The problem inherent to all such nonrandomized studies is that there may be some unknown patient factor or characteristic of the setting in which patients are treated influencing outcomes that is independent of antibiotic selection (ie, unmeasured co-variates). Some possibilities are obvious. Patients receiving inadequate therapy may have fungal disease or highly resistant bacteria, making the initial antibiotic choices wrong. This situation often results from patient characteristics such as immune compromise or chronic illness with repeated antimicrobial exposure. Another possibility relates to system performance. For example, outcomes could be better when patients are treated in hospitals with rapid access to physicians and nurses and efficient laboratory and radiology services, all of which are factors that could result in faster diagnosis and appropriate antibiotic therapy. Attempts to control for these and other differences cannot eliminate the possibility that patient groups may differ in ways that cannot be discerned.

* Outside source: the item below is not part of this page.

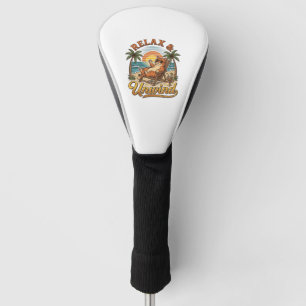 Relax & Unwind Beach Cat Vintage Engraving Design_ Golf Head Cover
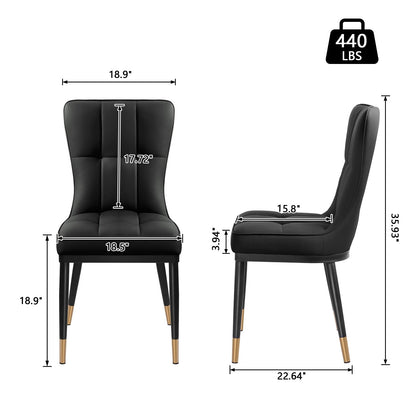 Lot de 2/4 chaises de salle à manger recouvertes de simili cuir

Despite study limitations, the ability of antimicrobial agents to effectively treat infection before the development of organ failure is well accepted. Until the past few years, there was little evidence that antimicrobial therapy conferred a significant benefit to patients with established organ failure, but now a large retrospective analysis has suggested that time to treatment with antibiotics, even after the onset of shock, is a predictor of survival. In this analysis, meaningful survival differences were observed with as little as a 1-h delay in antimicrobial therapy. These data are perhaps the best that will ever exist to support guidelines recommending broad, rapid antimicrobial administration. These findings will be controversial as some argue it will lead to overuse and perhaps to the inappropriate prescription of antibiotics. In addition, there is an emerging body of literature to suggest that dees-calating antibiotic therapy when culture findings are negative is a beneficial practice.